Information provided Block Start

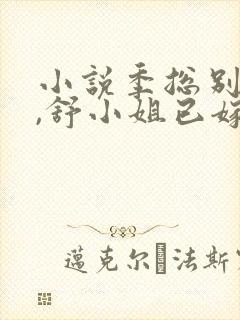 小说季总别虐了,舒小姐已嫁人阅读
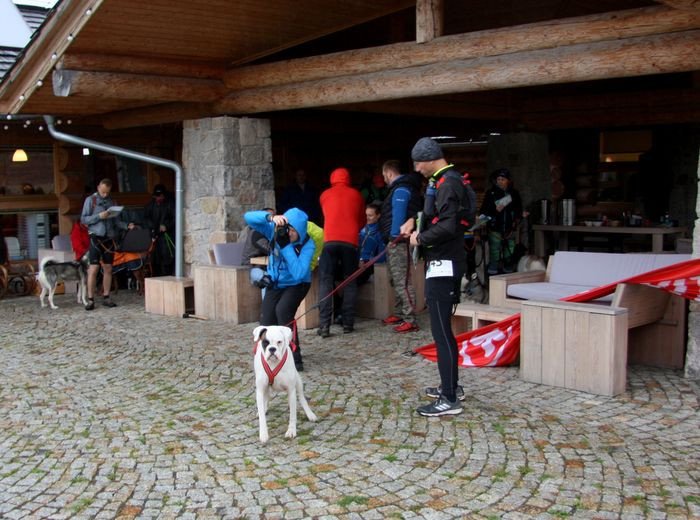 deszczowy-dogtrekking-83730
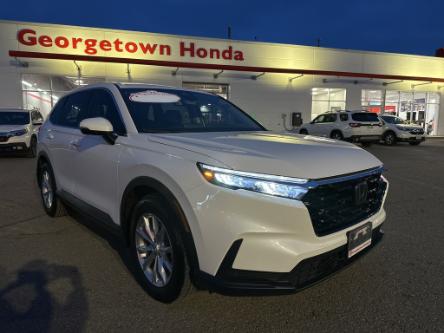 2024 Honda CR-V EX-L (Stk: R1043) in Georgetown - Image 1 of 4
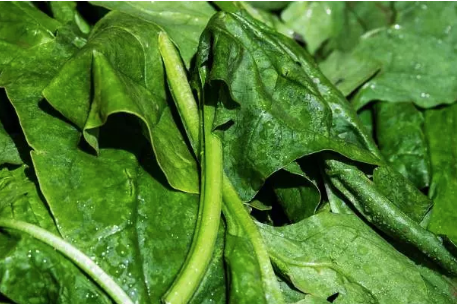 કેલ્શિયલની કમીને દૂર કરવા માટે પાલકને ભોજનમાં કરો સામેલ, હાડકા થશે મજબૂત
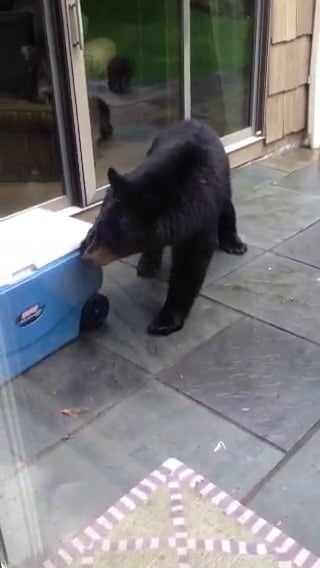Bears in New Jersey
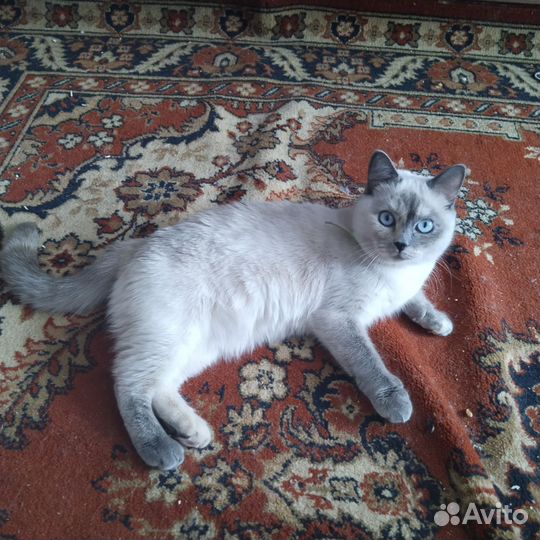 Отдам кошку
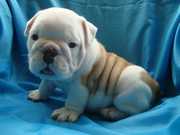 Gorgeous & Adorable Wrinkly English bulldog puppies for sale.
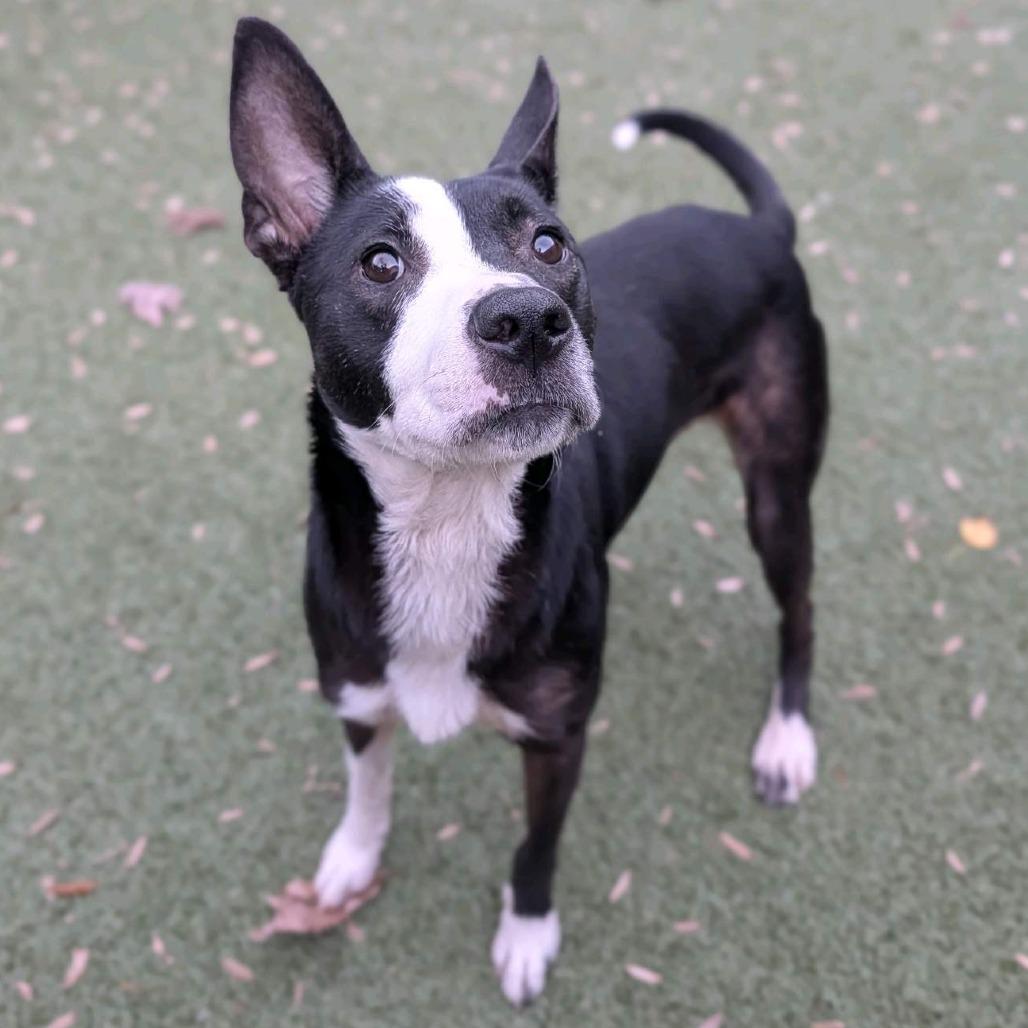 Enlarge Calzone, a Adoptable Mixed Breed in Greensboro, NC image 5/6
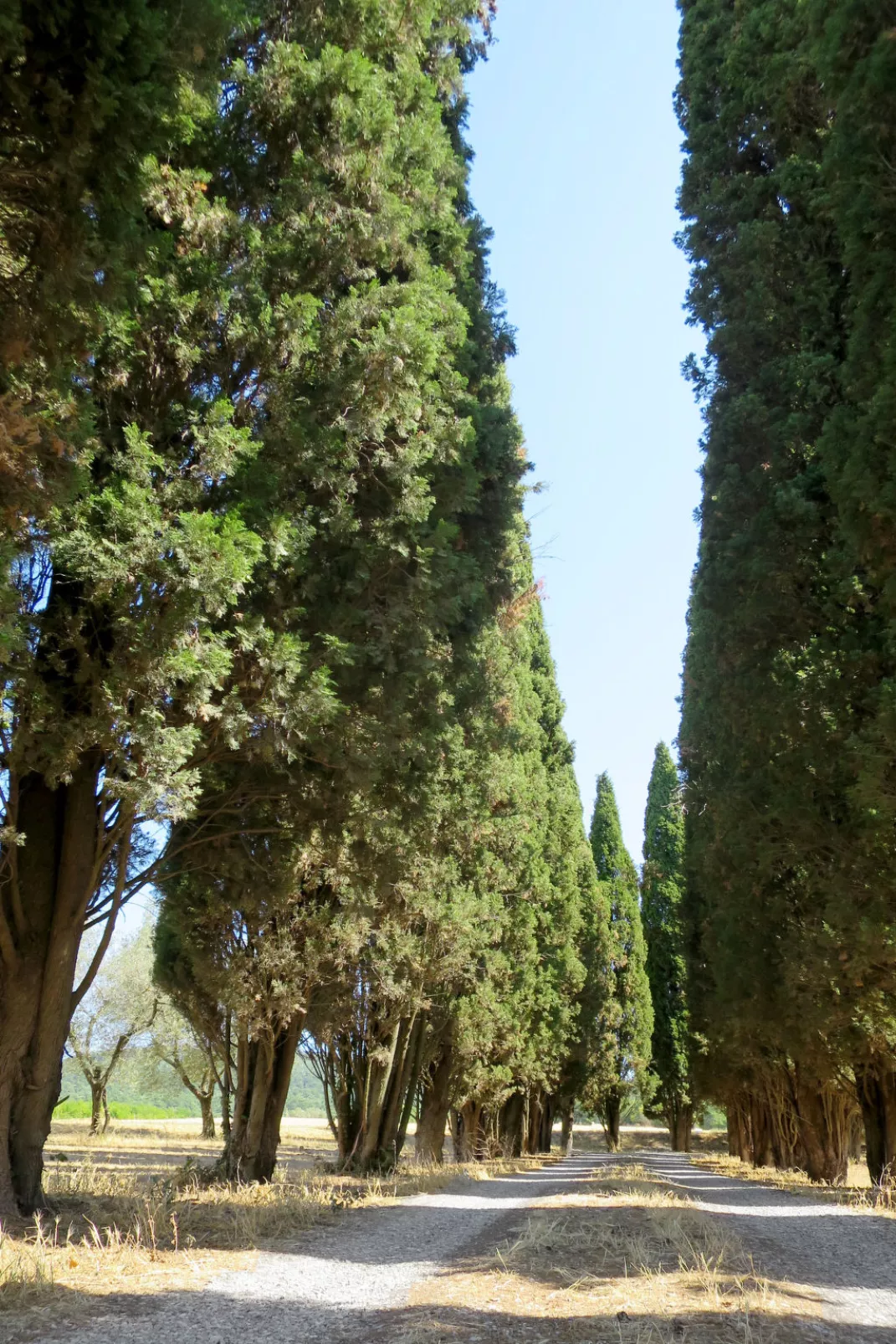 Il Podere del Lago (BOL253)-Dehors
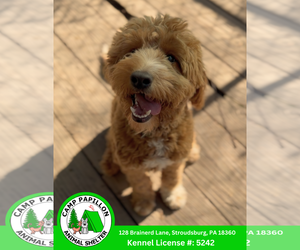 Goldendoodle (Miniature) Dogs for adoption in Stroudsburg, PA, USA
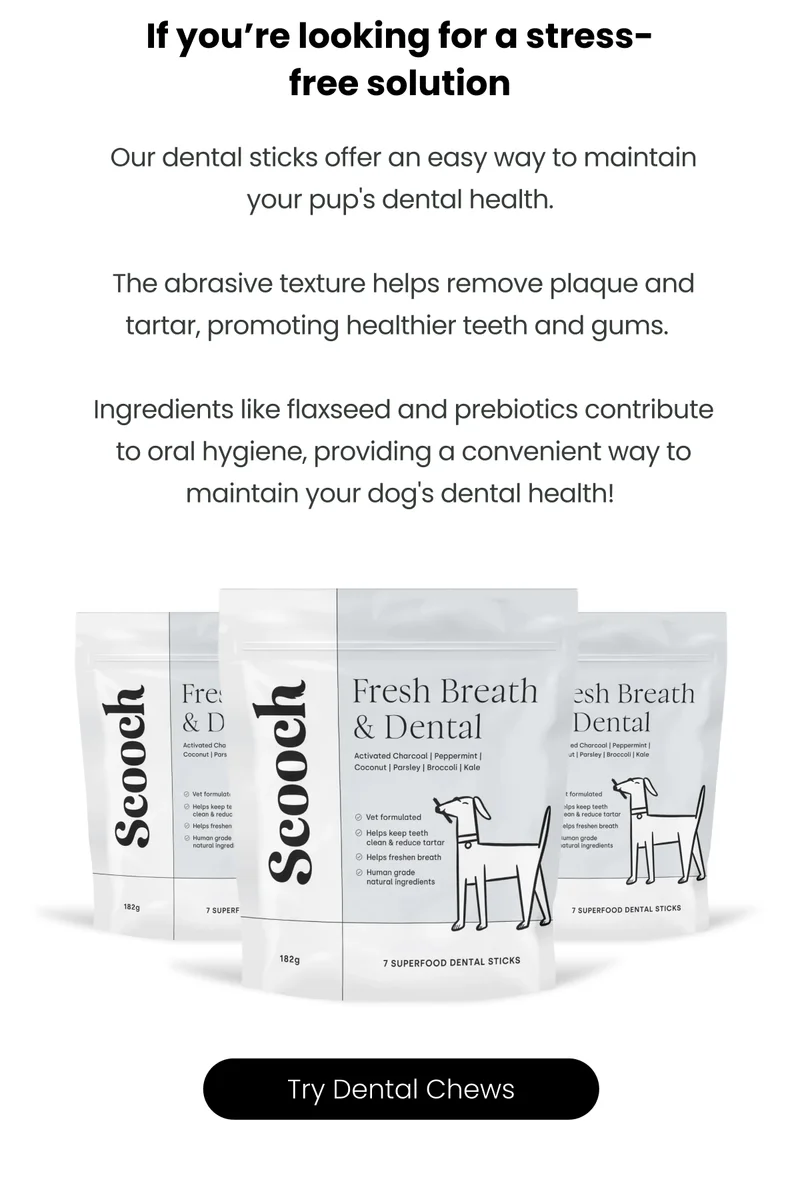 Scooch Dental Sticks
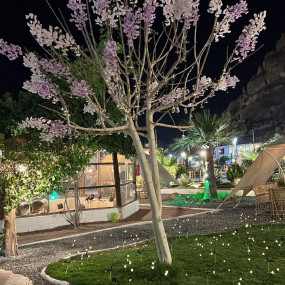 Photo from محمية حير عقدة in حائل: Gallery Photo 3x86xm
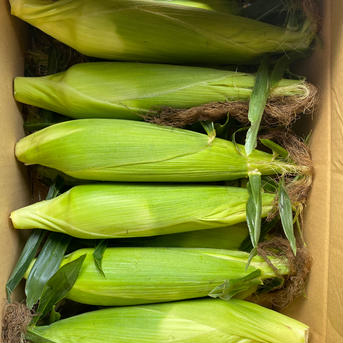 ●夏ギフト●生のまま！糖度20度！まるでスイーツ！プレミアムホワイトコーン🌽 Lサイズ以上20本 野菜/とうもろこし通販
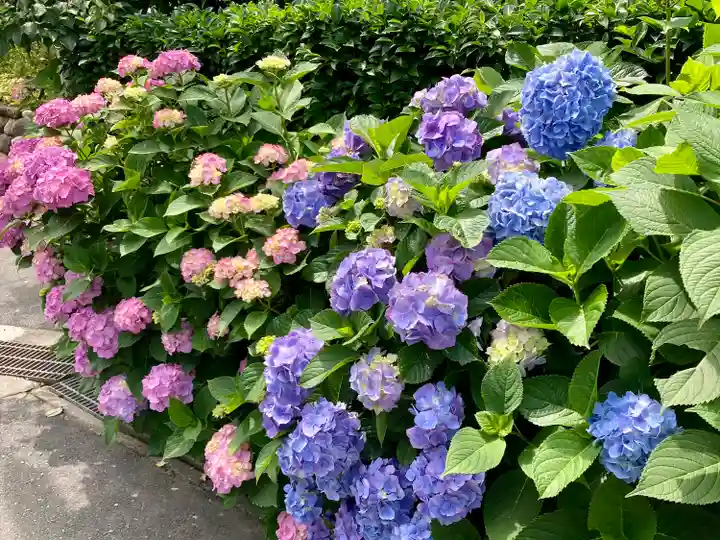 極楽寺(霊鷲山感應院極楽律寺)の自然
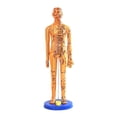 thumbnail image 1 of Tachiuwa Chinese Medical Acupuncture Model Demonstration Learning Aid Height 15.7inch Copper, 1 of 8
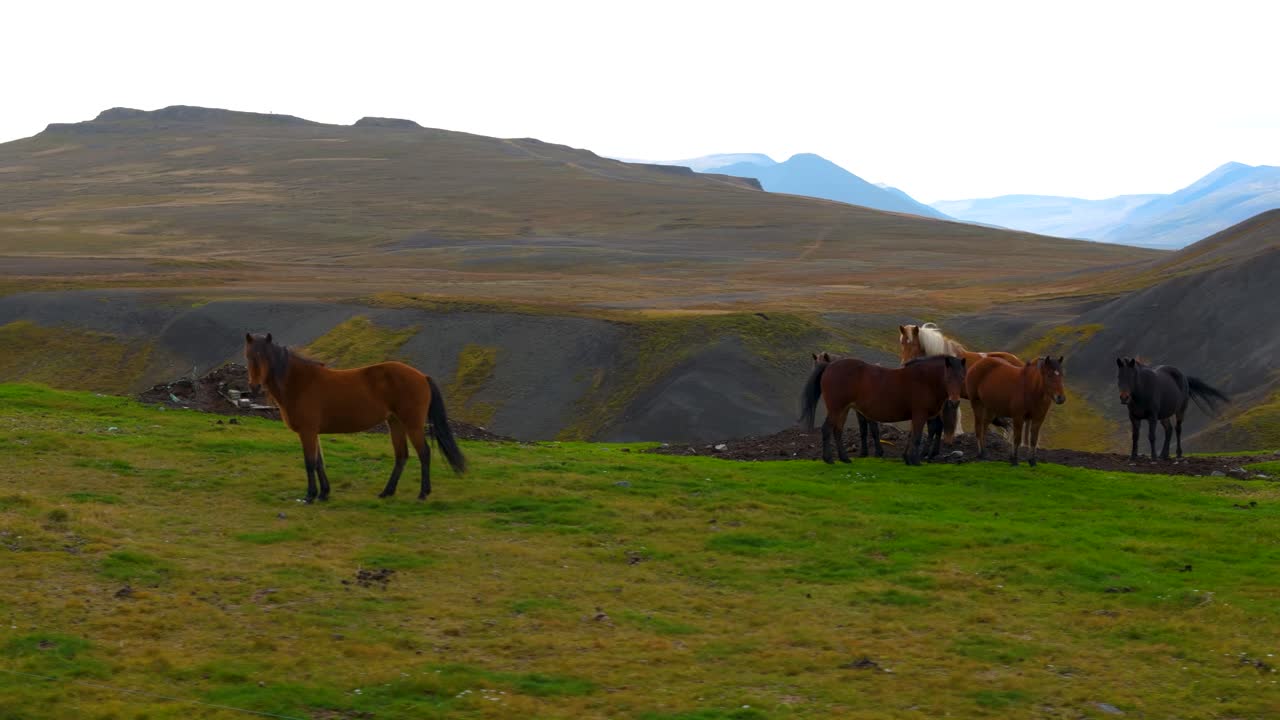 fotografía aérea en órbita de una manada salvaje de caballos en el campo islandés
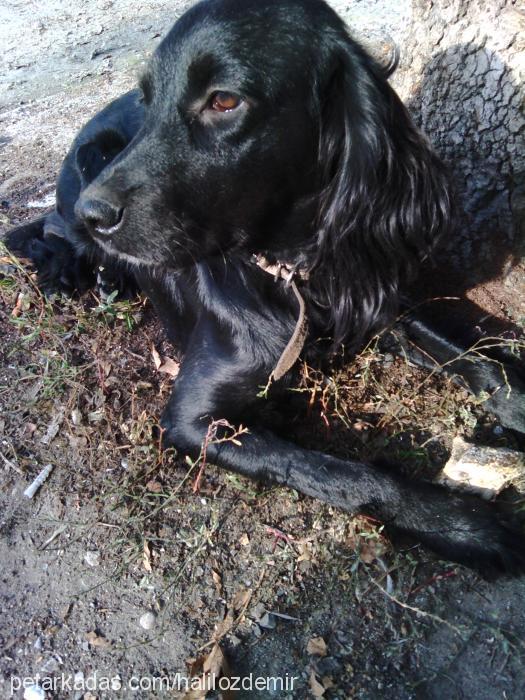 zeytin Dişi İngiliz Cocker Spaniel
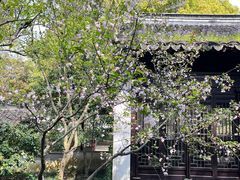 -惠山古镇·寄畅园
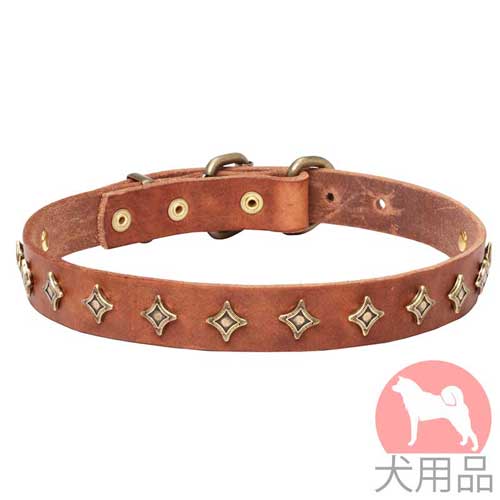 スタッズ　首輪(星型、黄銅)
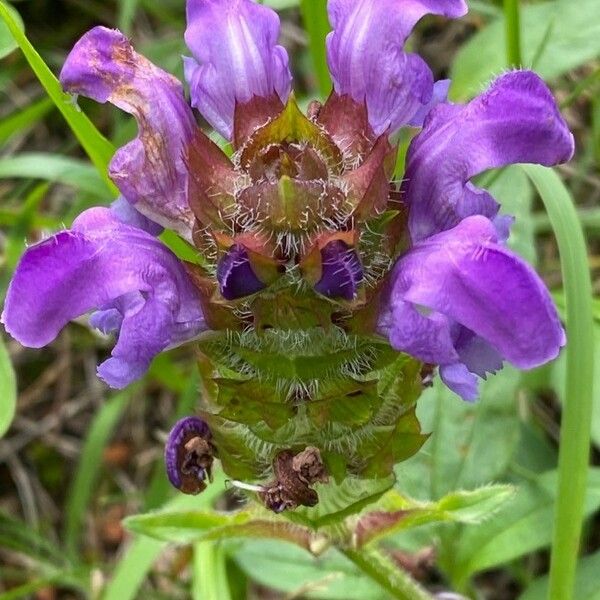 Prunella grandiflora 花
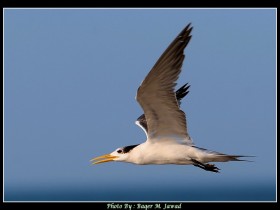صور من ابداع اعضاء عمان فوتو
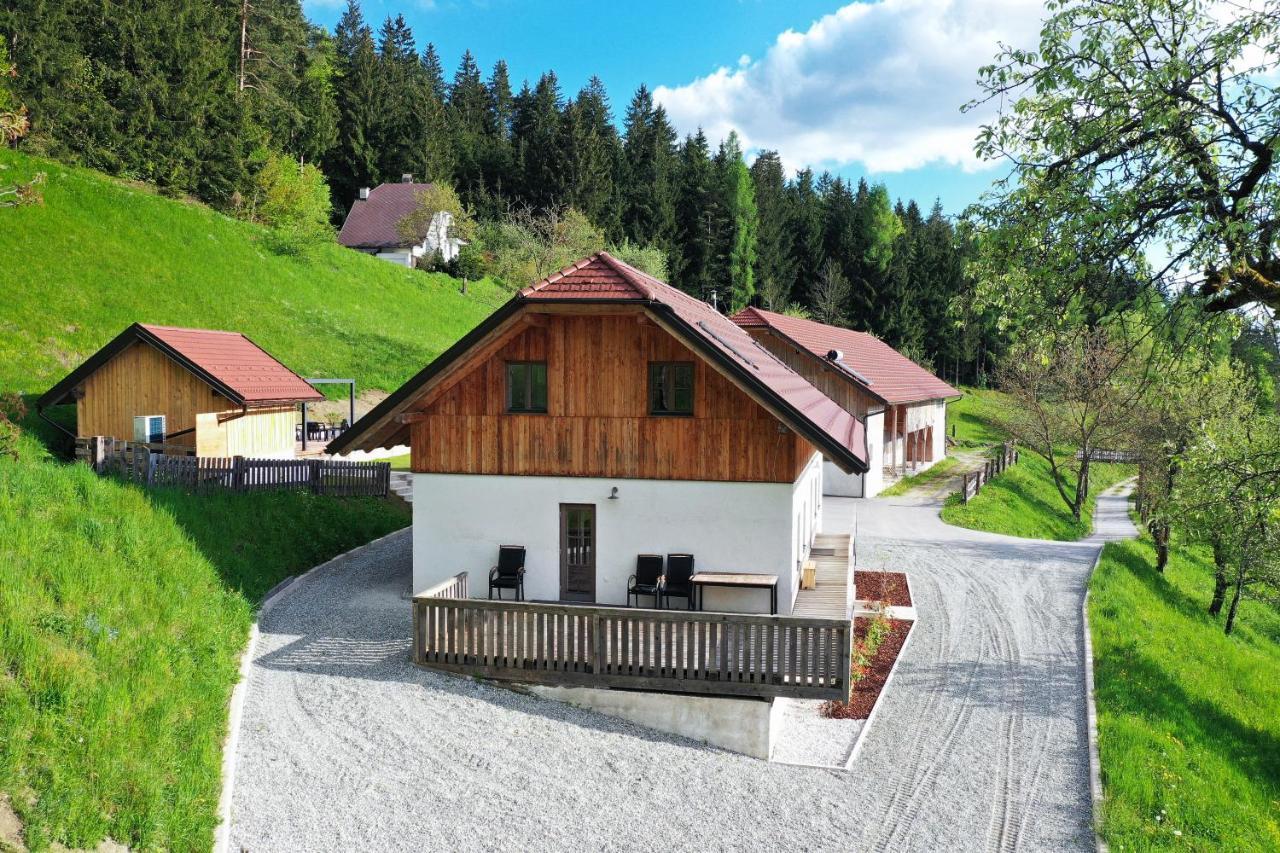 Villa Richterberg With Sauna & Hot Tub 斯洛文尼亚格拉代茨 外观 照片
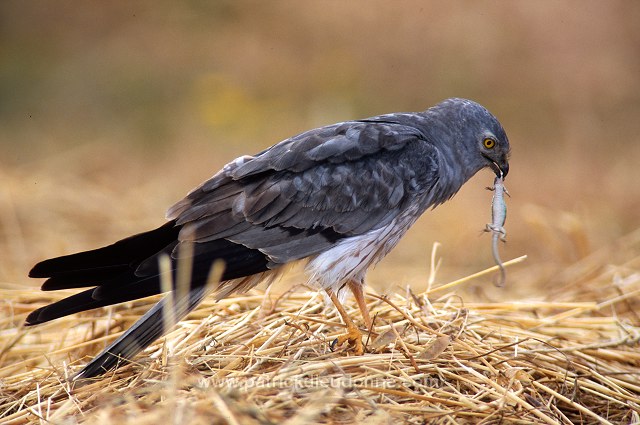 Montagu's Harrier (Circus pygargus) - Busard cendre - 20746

Information provided Block End

→ **What is expected**
Copy needed, without pictures: the lines of the listing above from the line containing "2024 Honda CR-V" up to and including the line containing "Gorgeous & Adorable", set down exactly.

→ **Exercise answer**
 2024 Honda CR-V EX-L (Stk: R1043) in Georgetown - Image 1 of 4
 કેલ્શિયલની કમીને દૂર કરવા માટે પાલકને ભોજનમાં કરો સામેલ, હાડકા થશે મજબૂત
Bears in New Jersey
 Отдам кошку
 Gorgeous & Adorable Wrinkly English bulldog puppies for sale.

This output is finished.